/quickdb

Primary LanguagePythonOtherNOASSERTION

QuickDB

Overview

QuickDB is an implementation of distributed database of map-reduce architecture in Python. With this system, users can give mapper and reducer in Python code directly to the system to process data. It also has an interface of SQL.

This system consists of one master node and multiple worker nodes. Data to be processed is distributed and stored in worker nodes. When a processing request occurs, the master node scatter the request to each worker node. Each worker node process the request simultaneously, and the result is collected to the master node.

Installation

Both master process and worker process work in user mode instead of root mode. It is recommended to enable ssh connection from master node to worker node without password for managing worker process. From here we assume that we go through the instruction with user quickdb.

Master node

The following instructions shoud be done on the master node.

  1. Install Python 3

    • We recommend using Anaconda.
    • Python will be installed in /home/quickdb/anaconda3 when using Anaconda.
  2. Check out quickdb

    $ mkdir -p ~/quickdb/python_path
    $ cd ~/quickdb/python_path
    $ git clone git@github.com:michitaro/quickdb.git .
  3. Generate password

    • Worker node receives processing request from master node and performs processing. Generate a password to authenticate the master node.
    $ mkdir -p quickdb/datarake/secrets
    $ openssl rand -hex 128 > quickdb/datarake/secrets/password
    $ chmod 600 quickdb/datarake/secrets/password
  4. Make configurations for worker nodes.

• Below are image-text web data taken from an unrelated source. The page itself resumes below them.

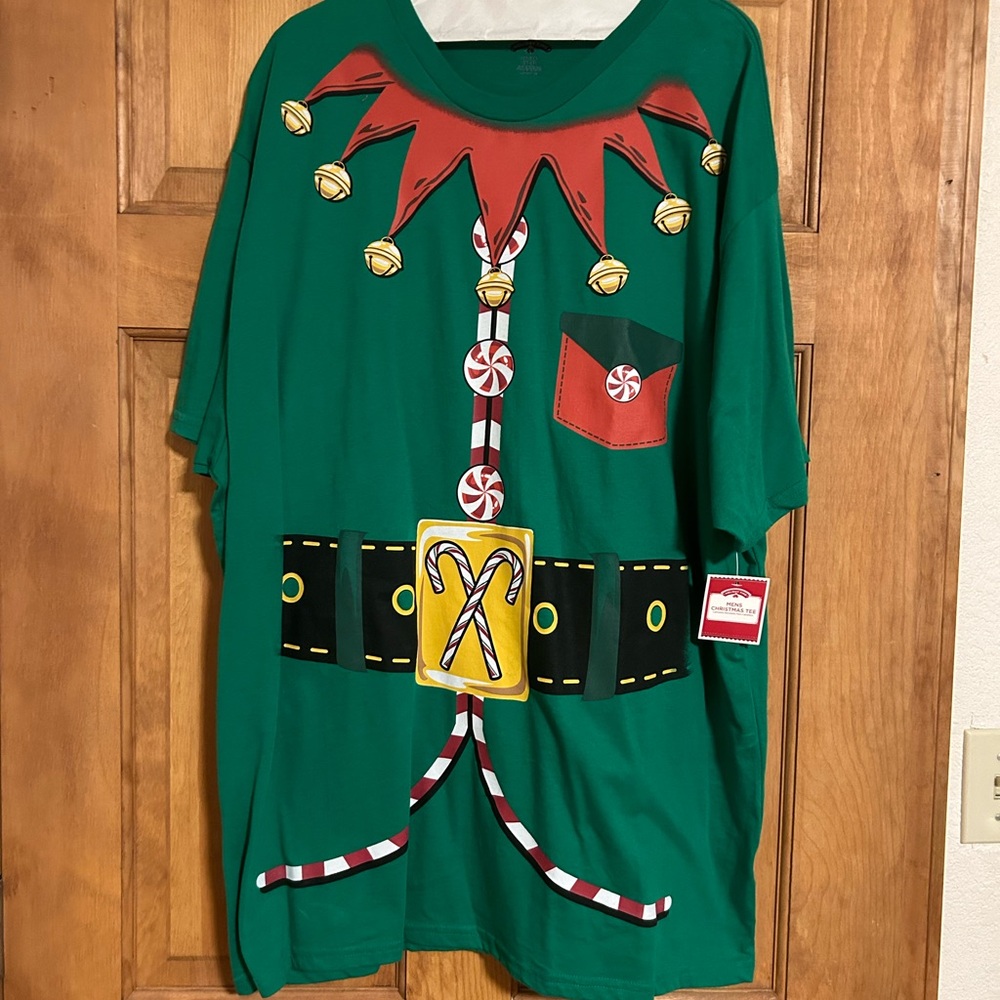 Men’s Christmas Tee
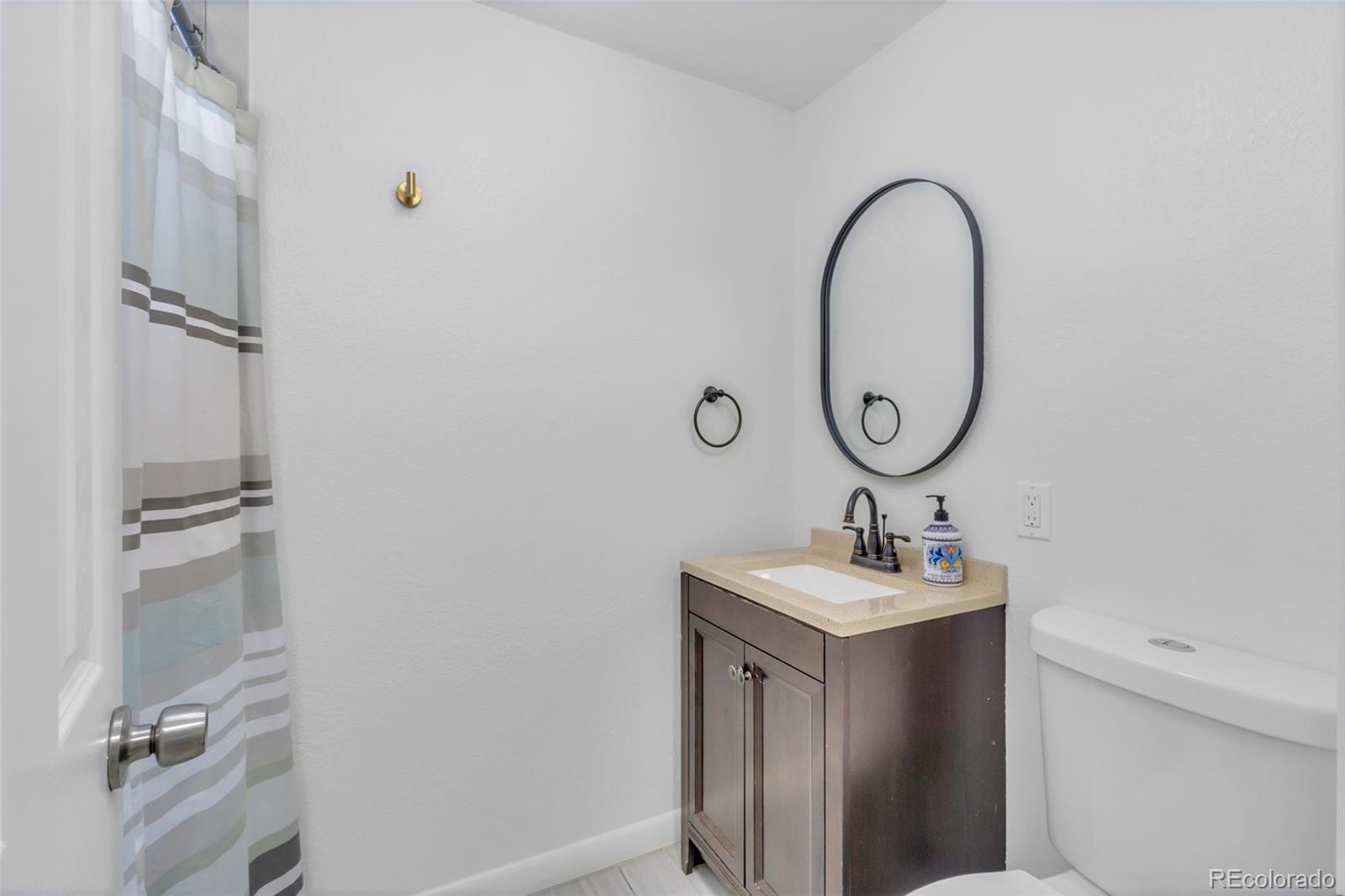 3112 W Layton Avenue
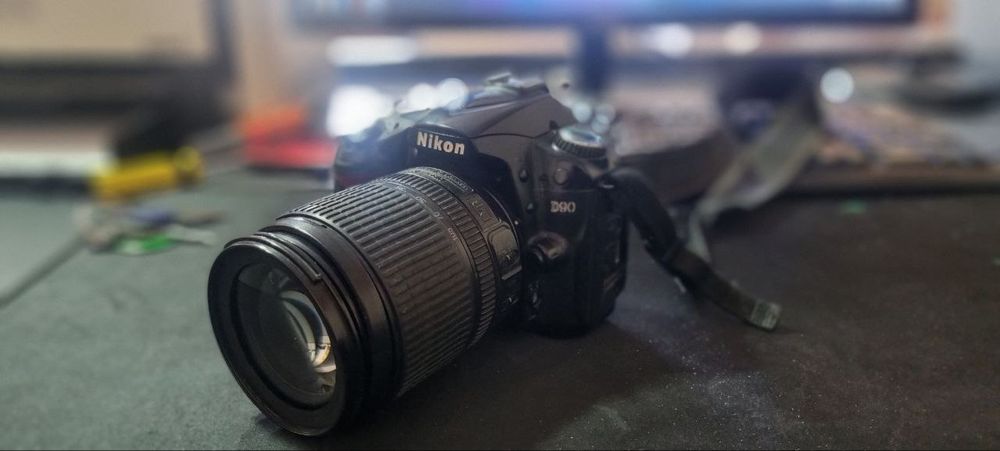 Nikon D 90 ishlashi yaxshi uzimniki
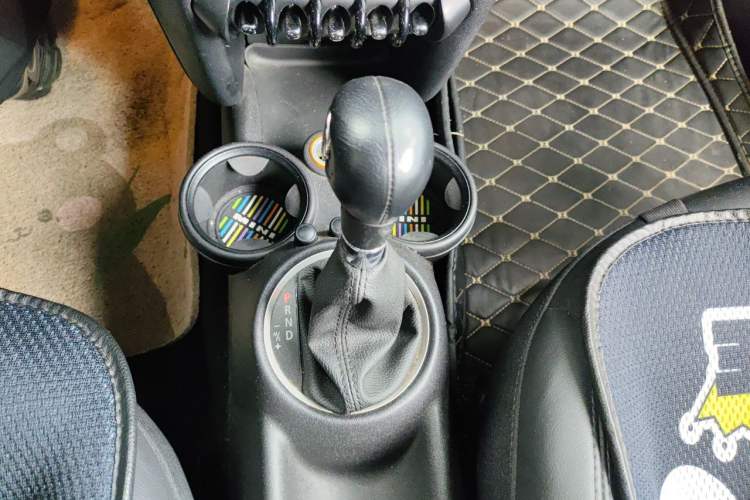 Used MINI Clubman 2011 1.6L COOPER Fun Gear Lever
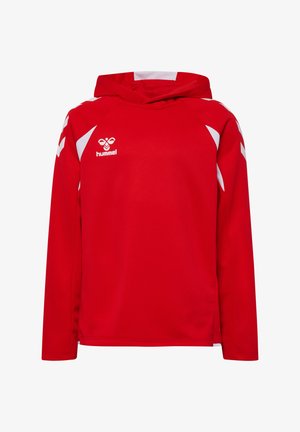 Czerwona sportowa bluza z długim rękawem, z białymi akcentami na ramionach i logo hummel na piersi, prezentowana na białym tle.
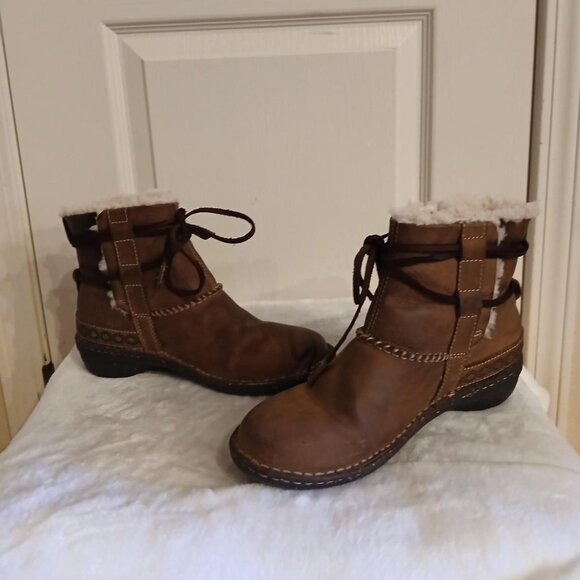 Ugg Australia Cove Brown Leather Sheep Skin Lined Lace Up Ankle Boot Sz 8 - Picture 3 of 8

    • System configuration is kept in datarake/config.py.
    • Change config.master_addr and config.workers[*] according to your environment.
      • Quickdb's code itself and data to process will be saved in config.workers[*].work_dir.
      $ cp datarake/config.py.sample datarake/config.py
      $ vi datarake/config.py
    • config.py will be transferred to the worker node later.

Worker node

The following instructions shoud be done on each worker node.

  1. Install Python 3

    • We recommend using Anaconda.
    • Python will be installed in /home/quickdb/anaconda3 when using Anaconda.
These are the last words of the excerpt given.